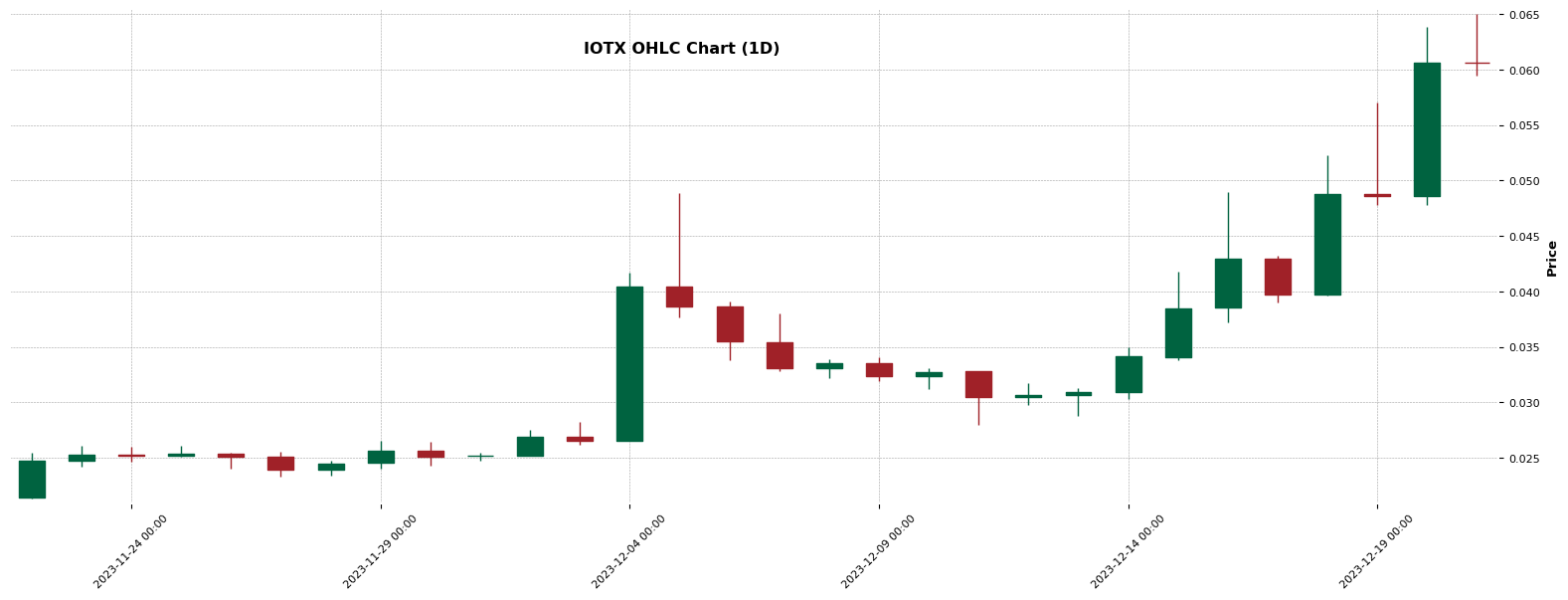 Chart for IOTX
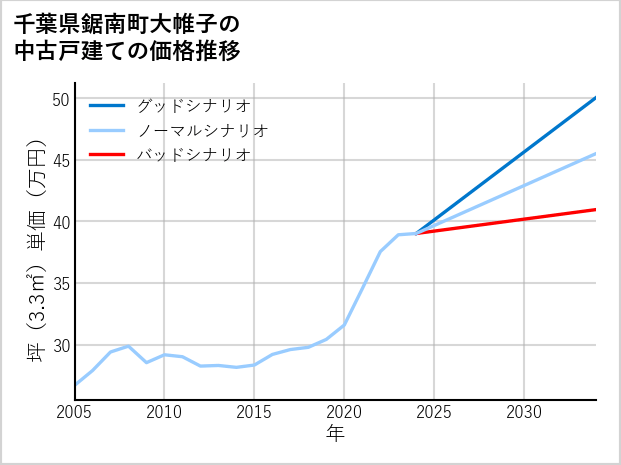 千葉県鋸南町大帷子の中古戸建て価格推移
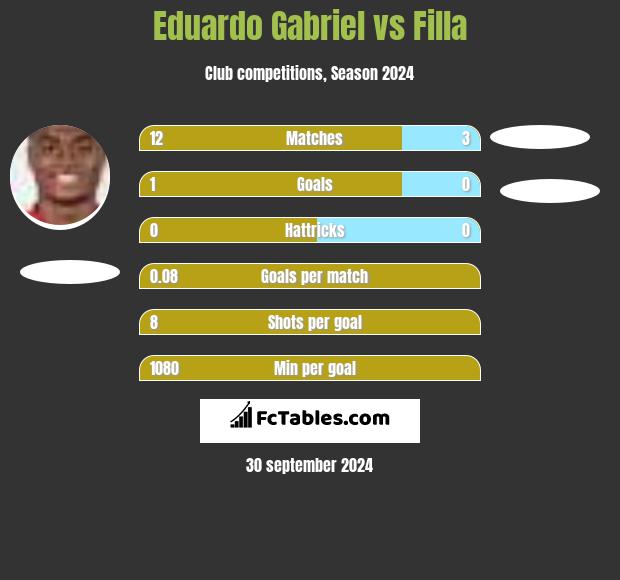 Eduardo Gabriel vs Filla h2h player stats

------

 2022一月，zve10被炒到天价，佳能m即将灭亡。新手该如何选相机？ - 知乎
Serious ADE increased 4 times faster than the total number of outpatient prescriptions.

------

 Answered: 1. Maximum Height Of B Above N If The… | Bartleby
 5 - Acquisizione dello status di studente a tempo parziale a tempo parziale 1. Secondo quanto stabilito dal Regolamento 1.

------

Directions for this task
Between and including the line with "Chart for IOTX" and the line with "Eduardo Gabriel vs Filla h2h player stats", repeat every line exactly as it appears above, with pictures left out.

Answer for this exercise
 Chart for IOTX
 千葉県鋸南町大帷子の中古戸建て価格推移
 Eduardo Gabriel vs Filla h2h player stats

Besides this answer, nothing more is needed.